Dann los mit der zweiten Partie. Es plätschert so dahin, wir preschen alle vor und landen dann doch in der einen oder anderen Zeile in der Todeszone. Das ist doch doof. Mmh, kann doch nicht sein.


Noch eine Partie und noch eine und noch eine und eine letzte. Wir fangen Feuer, denn CALAVERA kann hintenraus ganz schön gemein und fies werden. Da lohnt es sich, genau hinzuschauen, wer in welcher Farbe in die Miesen kommt, wenn ich nur die richtige Farbe für die Mitspieler übrig lasse. Im Endspiel werden sogar die Totenköpfe richtig interessant. Wenn ich drei habe, nichts eintragen darf, kann es für meine lieben Mitspieler richtig desaströs werden. Schön!

CALAVERA ist nicht nur schnödes Abstreichen auf dem eigenen Block. Das Würfelspiel lässt sich wunderbar interaktiv spielen, denn wenn die Würfel richtig fallen, dann kann jeder schön die anderen ärgern. Auch wenn man dafür ein drittes Mal würfeln und ein höheres Risiko eingehen muss. Sechs Partien sind es heute Abend geworden. Das spricht eindeutig fürs Spiel. Es gibt Höhen und Tiefen, Glück und Frust. Herrlich, wenn Emotionen im Spiel sind. CALAVERA spielt bei den Roll’n’Writes durchaus oben mit. Hätte ich anfangs nicht gedacht.

Als „Absacker“ noch eine Partie SKYJO. Immer gerne. Und zu dritt wagt es Astrid zu Recht, Spalten mit hohen Karten zu sammeln. Zahlt sich aus. Sie gewinnt mit der halben Punktzahl vor dem Zweitplatzierten. Ich bin der Loser.

Das 404. Montagsspielen (16/2019) am 05.08.2019

Calavera: 4 geht gut
Skyjo: 4 geht gut

Dienstag, 20. August 2019

Das 403. Montagsspielen mit Silver & Gold, Texas Showdown, Penny Papers Adventures: Die Totenkopfinsel und noch wieder L.A.M.A.

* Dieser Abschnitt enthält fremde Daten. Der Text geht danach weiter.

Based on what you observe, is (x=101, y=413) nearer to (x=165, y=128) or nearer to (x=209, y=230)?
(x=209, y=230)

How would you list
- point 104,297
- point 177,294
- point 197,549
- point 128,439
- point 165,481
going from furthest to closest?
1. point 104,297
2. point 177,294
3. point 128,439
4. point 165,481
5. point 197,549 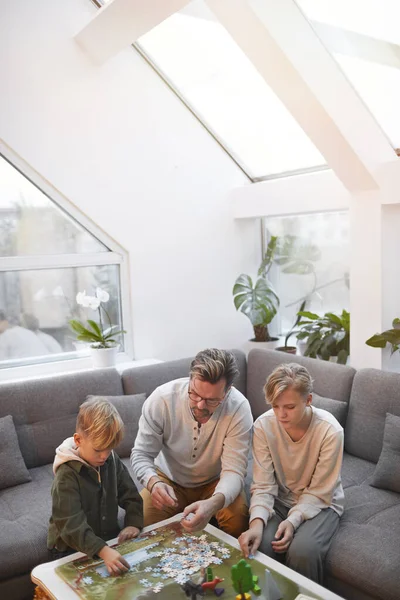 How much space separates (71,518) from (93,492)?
161mm

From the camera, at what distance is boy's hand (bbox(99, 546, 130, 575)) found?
211cm

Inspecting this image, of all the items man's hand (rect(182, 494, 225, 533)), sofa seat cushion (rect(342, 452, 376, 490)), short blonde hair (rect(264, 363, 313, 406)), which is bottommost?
sofa seat cushion (rect(342, 452, 376, 490))

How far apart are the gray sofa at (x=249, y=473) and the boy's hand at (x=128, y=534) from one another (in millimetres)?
576

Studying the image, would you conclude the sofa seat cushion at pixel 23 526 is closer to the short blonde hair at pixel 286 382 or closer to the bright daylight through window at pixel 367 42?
the short blonde hair at pixel 286 382

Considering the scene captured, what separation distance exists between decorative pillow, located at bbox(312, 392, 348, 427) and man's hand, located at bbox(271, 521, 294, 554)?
1.03 metres

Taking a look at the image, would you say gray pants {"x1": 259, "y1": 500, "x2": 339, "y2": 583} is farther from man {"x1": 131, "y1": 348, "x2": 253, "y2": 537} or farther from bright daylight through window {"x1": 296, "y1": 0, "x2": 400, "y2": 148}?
bright daylight through window {"x1": 296, "y1": 0, "x2": 400, "y2": 148}

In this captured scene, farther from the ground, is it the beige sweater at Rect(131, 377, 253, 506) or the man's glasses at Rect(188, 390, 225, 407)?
the man's glasses at Rect(188, 390, 225, 407)

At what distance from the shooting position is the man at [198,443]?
2.56m

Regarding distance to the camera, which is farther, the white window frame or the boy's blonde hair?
the white window frame

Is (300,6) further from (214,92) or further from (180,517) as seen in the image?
(180,517)

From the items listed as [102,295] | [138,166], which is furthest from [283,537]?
[138,166]

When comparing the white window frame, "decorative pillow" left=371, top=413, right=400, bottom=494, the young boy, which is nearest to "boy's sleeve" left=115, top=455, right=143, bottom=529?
the young boy

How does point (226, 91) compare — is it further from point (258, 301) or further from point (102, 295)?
point (102, 295)

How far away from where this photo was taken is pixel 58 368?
417 cm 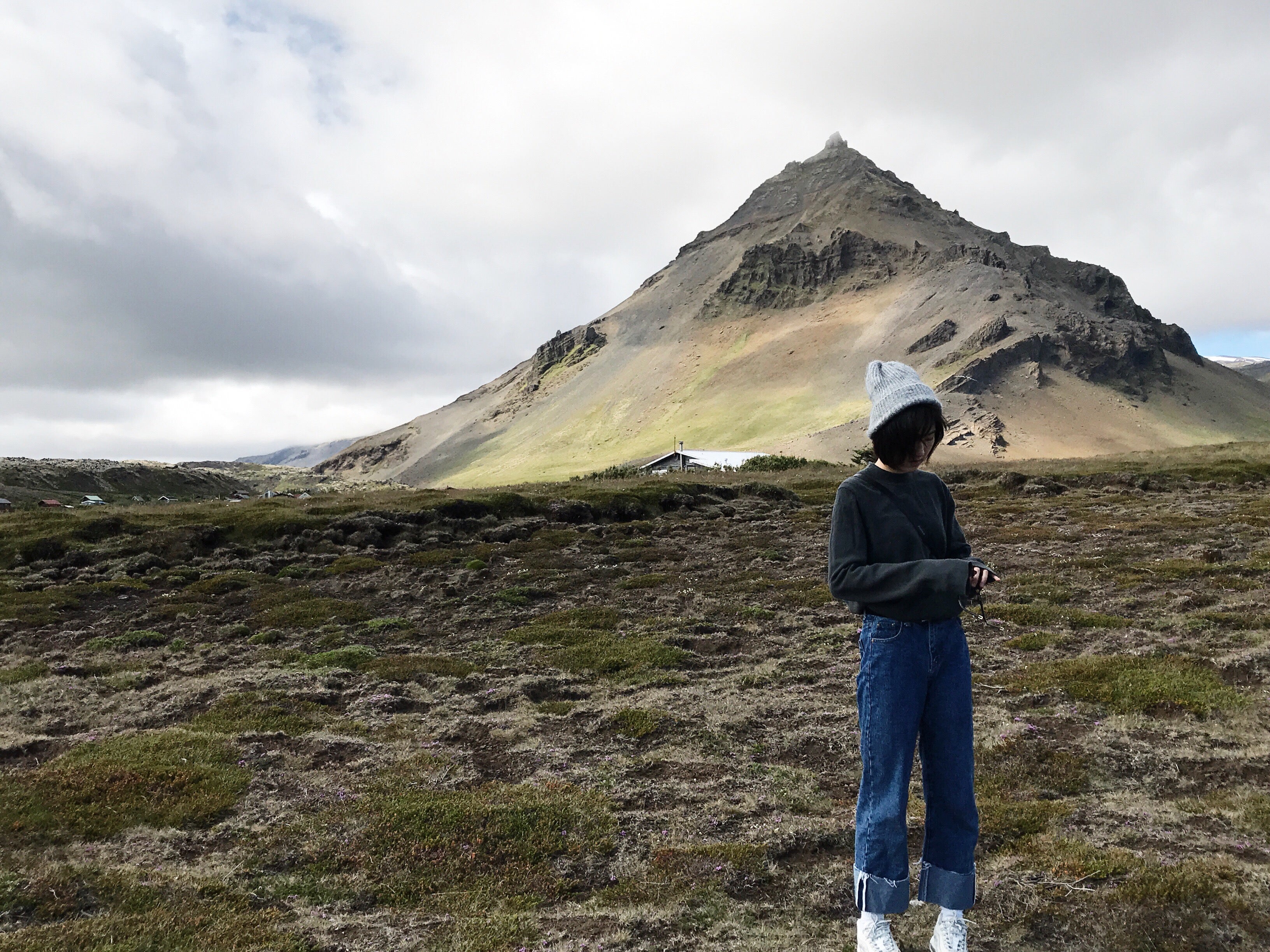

Ich finde ja mittlerweile diese schwarzen abwischbaren Stifte echt zum Weglaufen. Gut, wenn das Spiel neu ist, dann ist alles o.k. Dann schmiert nichts … noch nicht. Aber wenn man öfter damit spielt, werden die Stifte schon noch schmieren oder austrocknen. SILVER & GOLD hat auch solche Stifte, mit denen wir auf plastifizierten Spielkarten malen bzw. Muster übertragen. Eine Karte vom Stapel gibt vor, welches Muster aus Quadraten wir auf unserer Insel aus lauter Quadraten abtragen dürfen. Und wenn die Insel vollgemustert ist, gibt’s Siegpunkte und eine neue Inselkarte. Weiter geht’s. Karte aufdecken, Muster eintragen. Palmen und Münzen auf unseren Karten sind lukrativer als ansonsten leere Inselfelder, aber die Insel muss immer voll ausgefüllt werden.